Want to communicate with an extraterrestrial? Place your palms in the hand-shaped outlines and stare into the central disembodied eye of Paul Laffoley's painting Thanaton III (1989). The US artist and architect maintains that the graphics, mandalas and symbols gracing the lower part of the canvas were passed on to him by an alien called Quazgaa Klaatu. By touching the painting, Laffoley suggests, you too may absorb that information.

Time travellers and savants are also among the 22 visionaries whose remarkable works are on show at London's Hayward Gallery. The Alternative Guide to the Universe exhibition celebrates artists whose ideas lie beyond the mainstream, but are often directed towards solving real-world problems. Following a spate of exhibitions that explore the notions of 'fringe' scientists, inventors and architects — notably at the Wellcome Collection in London and the Institute For Figuring in Los Angeles, California (see Nature 479, 40; 2011) — this wide-ranging show reveals how the power of unconstrained thought might be used for healing, theorizing and utopia-building.

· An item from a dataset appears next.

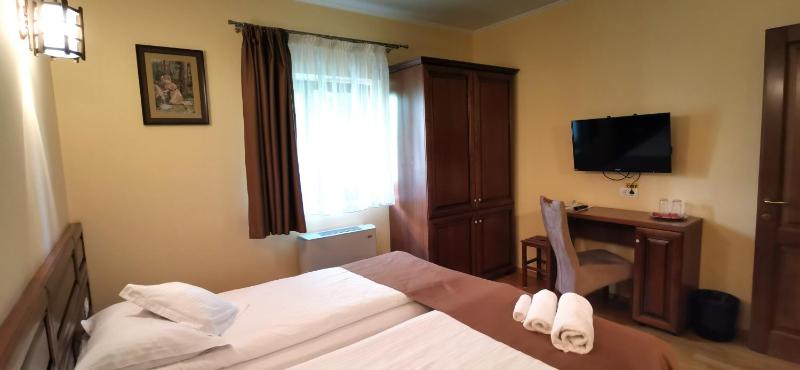 Double or Twin Room with Private Bathroom image 3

Paul Laffoley says viewers can absorb alien inspiration from his Thanaton III. Credit: PAUL LAFFOLEY/PHOTO BY LINDA NYLIND

Many of the concepts bear reflection. Laffoley's alien 'speaks' in scientific terms, an assumption also central to the work of the SETI (Search for Extraterrestrial Intelligence) project. And although the alternative quantum theories depicted would never be accepted by a physics journal, they are built around conventional physical concepts such as oscillations and loops. The exhibition's greatest value lies in giving the green light to out-of-the-box thinking.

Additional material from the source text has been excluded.